Don't get me wrong - I'm certainly not arguing against adopting v6. I just don't think it is wise to wait for it to usher in the peer paradise that people were imagining 20 years ago. AJAX and surveillance as a service didn't get adopted simply due to a shortage of v4 addresses.
> This is already impossible in some areas (e.g. parts of China) that are behind multiple (5+) layers of NAT
At a basic level, I do agree this development path is worrying. But IMO the real way to push back against this is to create a demand for something else. Unless the net result looks immediately different to a significant number of end users, the demand isn't there. And right now, even in the US/EU there isn't a widely-compelling advantage to having a routable v4 address.

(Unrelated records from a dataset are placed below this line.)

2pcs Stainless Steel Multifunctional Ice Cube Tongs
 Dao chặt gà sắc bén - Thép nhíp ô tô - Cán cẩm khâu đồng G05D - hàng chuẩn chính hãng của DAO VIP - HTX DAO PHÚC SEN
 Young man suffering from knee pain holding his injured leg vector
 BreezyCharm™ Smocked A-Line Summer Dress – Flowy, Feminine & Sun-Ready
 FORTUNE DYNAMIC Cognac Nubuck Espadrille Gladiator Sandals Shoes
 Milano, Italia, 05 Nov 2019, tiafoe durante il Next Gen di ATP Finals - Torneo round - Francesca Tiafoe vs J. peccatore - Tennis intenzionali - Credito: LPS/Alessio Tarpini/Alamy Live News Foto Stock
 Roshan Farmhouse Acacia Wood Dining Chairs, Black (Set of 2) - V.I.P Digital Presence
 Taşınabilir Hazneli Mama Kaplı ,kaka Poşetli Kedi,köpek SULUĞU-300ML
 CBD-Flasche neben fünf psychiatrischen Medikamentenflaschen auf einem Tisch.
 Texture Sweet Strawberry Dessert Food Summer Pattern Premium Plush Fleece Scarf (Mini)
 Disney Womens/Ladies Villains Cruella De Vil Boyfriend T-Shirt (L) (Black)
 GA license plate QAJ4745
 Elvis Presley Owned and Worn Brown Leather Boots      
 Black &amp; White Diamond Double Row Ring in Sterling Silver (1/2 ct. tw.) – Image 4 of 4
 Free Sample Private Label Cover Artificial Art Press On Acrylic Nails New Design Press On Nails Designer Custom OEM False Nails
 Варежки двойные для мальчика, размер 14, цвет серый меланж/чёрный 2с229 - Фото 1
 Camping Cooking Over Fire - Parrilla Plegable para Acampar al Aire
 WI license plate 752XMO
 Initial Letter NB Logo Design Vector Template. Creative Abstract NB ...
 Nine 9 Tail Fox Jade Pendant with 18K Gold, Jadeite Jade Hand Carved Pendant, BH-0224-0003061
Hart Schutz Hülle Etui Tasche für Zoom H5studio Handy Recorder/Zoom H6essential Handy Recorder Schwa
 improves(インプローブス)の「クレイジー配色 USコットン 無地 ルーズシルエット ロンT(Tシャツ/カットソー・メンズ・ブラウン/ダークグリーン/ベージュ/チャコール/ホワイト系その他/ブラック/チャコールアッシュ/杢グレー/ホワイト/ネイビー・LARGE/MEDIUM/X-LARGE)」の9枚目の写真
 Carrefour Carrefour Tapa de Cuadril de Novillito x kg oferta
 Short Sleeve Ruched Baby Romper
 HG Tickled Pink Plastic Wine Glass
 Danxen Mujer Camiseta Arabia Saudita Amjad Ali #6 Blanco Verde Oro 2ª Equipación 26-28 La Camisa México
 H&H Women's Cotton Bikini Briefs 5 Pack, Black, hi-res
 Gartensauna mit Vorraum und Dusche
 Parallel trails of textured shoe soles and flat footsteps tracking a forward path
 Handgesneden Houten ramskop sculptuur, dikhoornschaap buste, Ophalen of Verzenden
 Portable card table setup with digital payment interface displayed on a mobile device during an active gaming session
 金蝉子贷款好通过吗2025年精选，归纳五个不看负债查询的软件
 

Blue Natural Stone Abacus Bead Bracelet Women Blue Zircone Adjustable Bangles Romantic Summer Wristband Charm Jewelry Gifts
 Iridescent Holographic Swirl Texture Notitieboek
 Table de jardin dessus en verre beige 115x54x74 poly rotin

> I think the crux of our disagreement comes down to whether we see IP addresses as sufficient user-facing/user-identity
Just to clarify, I wasn't trying to pigeonhole you to raw numeric IP addresses. I meant IPs and names that effectively translate to IPs - hostnames, DNS names, etc. Even with dynamic DNS.
This gives us only another 16.7 million more IPs and will have tons of compatibility issues with older systems. Re-purposing the old "class E" space (240.0.0.0/4) would have similar problems.
IMHO, it is too late for these hacks. We need to embrace IPv6. I've been running it for almost 10 years now...
People were saying the same thing during the multi-protocol days (x.25, DECNet, AppleTalk, Novell IPX...) They couldn't be bothered to learn this crazy Internet thing. IPv6 is the future.
AFAICT the risk/reward for this change (and others along the same line) is poor, because like it or not, as a factual matter, there are many tens or hundreds of millions of notionally "open source" devices that will never get an updated Linux/BSD/... kernel. Most of them are probably Android phones but there is also a giant tail of consumer routers, EOL'd network equipment, etc. A lot of this stuff will stay in use until total HW failure, which may be a decade, two decades or more.
There are of course also many closed-source products that will never get a TCP/IP stack update. I haven't tested it but I doubt Win7 will ever be able to reach 0.1.2.3 over the public internet. Even if that's a bogus example, you get the idea: millions of dollars worth of old closed source gear out there where it's impossible for the owner to patch the TCP/IP stack.
As a result, to prevent strange connectivity problems on 0.X% of their connections, almost everyone will pay (and, if needed, significantly bid up) the ~$20/yr "normal" IPv4 address cost to get an existing "non-reclaimed" IPv4 address instead of taking a gamble on one of these new ones that will definitely have problems with many other hosts. In short I don't see a voluntary rational buyer or user until the IPv4 market rises 10X+ and probably more like 100X+; until then they seem like more of a liability than an asset given how annoyingly long it will take to retire (or somehow otherwise ensure that you'll never need to talk with) non-updatable IPv4 hosts.
Not that I like this, or am trying to defend or justify it, but I think it is an accurate assessment.
TLDR: pretty much everyone will actively avoid these addrs given that millions of hosts will never be able to reach them.